* **Source material**
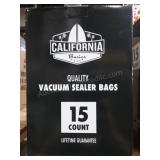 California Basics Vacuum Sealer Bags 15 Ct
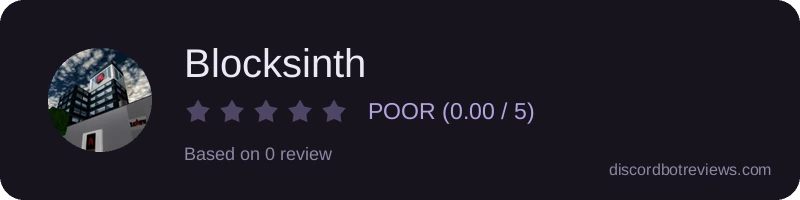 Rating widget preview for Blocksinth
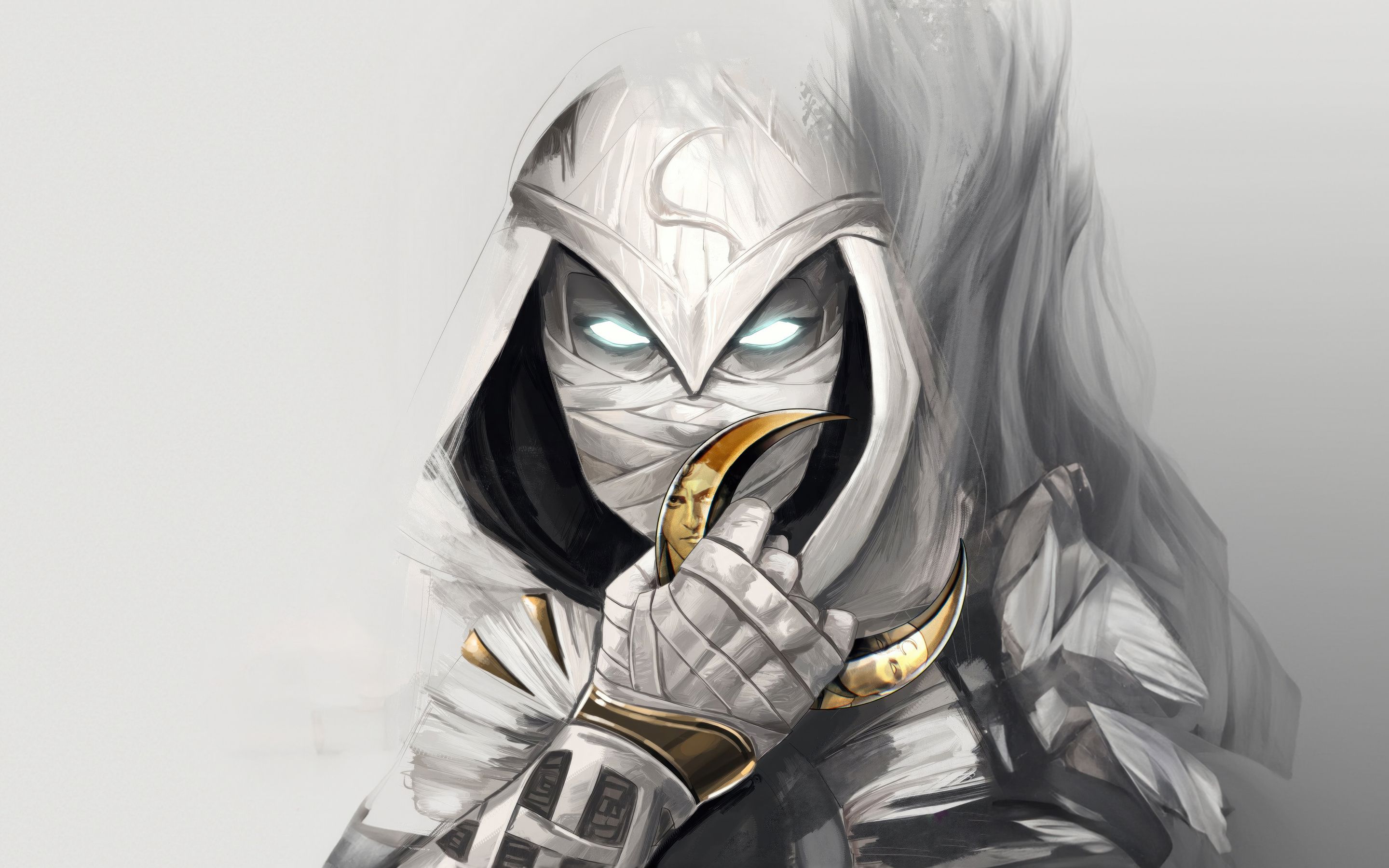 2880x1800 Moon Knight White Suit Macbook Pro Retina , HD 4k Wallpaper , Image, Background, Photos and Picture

* **Your task**
Repeat the material above verbatim. Leave the pictures behind.

* **Reply**
 California Basics Vacuum Sealer Bags 15 Ct
 Rating widget preview for Blocksinth
 2880x1800 Moon Knight White Suit Macbook Pro Retina , HD 4k Wallpaper , Image, Background, Photos and Picture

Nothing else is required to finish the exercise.